All Possible Palindromic Partitions of the given String in Java

Today in this article we will discuss the program to Find all possible Palindromic partitions of the given String in Java Programming Language. We will discuss both approach and code in this page.

All Possible Palindromic Partitions of the given String in Java

Algorithm :

  • Starting with the initial character, we examine each substring to see if it is a palindrome.
  • If this is the case, then the substring should be added to the solution.
  • And then repeat for the rest of the part.

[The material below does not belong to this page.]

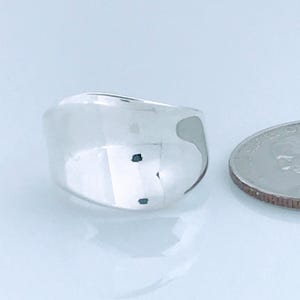 May include: A shiny, silver ring with a wide band and a smooth, polished surface. The ring is next to a quarter coin for size comparison. The ring's design is simple and modern, reflecting light.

Palindromic Partitions of given string in Java

Code in Java

Run
import java.util.ArrayList;
import java.util.Deque;
import java.util.LinkedList;
 
public class Main
{
    public static void main(String[] args)
    {
        String input = "nitin";
        System.out.println("All possible palindrome partitions for " + input+ " are :");
        allPalPartitions(input);
    }
    
    private static void allPalPartitions(String input)
    {
        int n = input.length();
 
        ArrayList<ArrayList> allPart = new ArrayList<>();
 
        Deque currPart = new LinkedList();
 
        allPalPartitonsUtil(allPart, currPart, 0, n, input);
 
        for (int i = 0; i < allPart.size(); i++)
        {
            for (int j = 0; j < allPart.get(i).size(); j++)
            {
                System.out.print(allPart.get(i).get(j) + " ");
            }
            System.out.println();
        }
 
    }
 
    private static void allPalPartitonsUtil(ArrayList<ArrayList> allPart,
    Deque currPart, int start, int n, String input)
    {
        if (start >= n)
        {
            allPart.add(new ArrayList<>(currPart));
            return;
        }
 
        for (int i = start; i < n; i++)
        {
            if (isPalindrome(input, start, i))
            {
                currPart.addLast(input.substring(start, i + 1));
                allPalPartitonsUtil(allPart, currPart, i + 1, n, input);
                currPart.removeLast();
            }
        }
    }
 
    private static boolean isPalindrome(String input,int start, int i)
    {
        while (start < i)
        {
            if (input.charAt(start++) != input.charAt(i--))
                return false;
        }
        return true;
    }
}

Output :

n i t i n 
n iti n 
nitin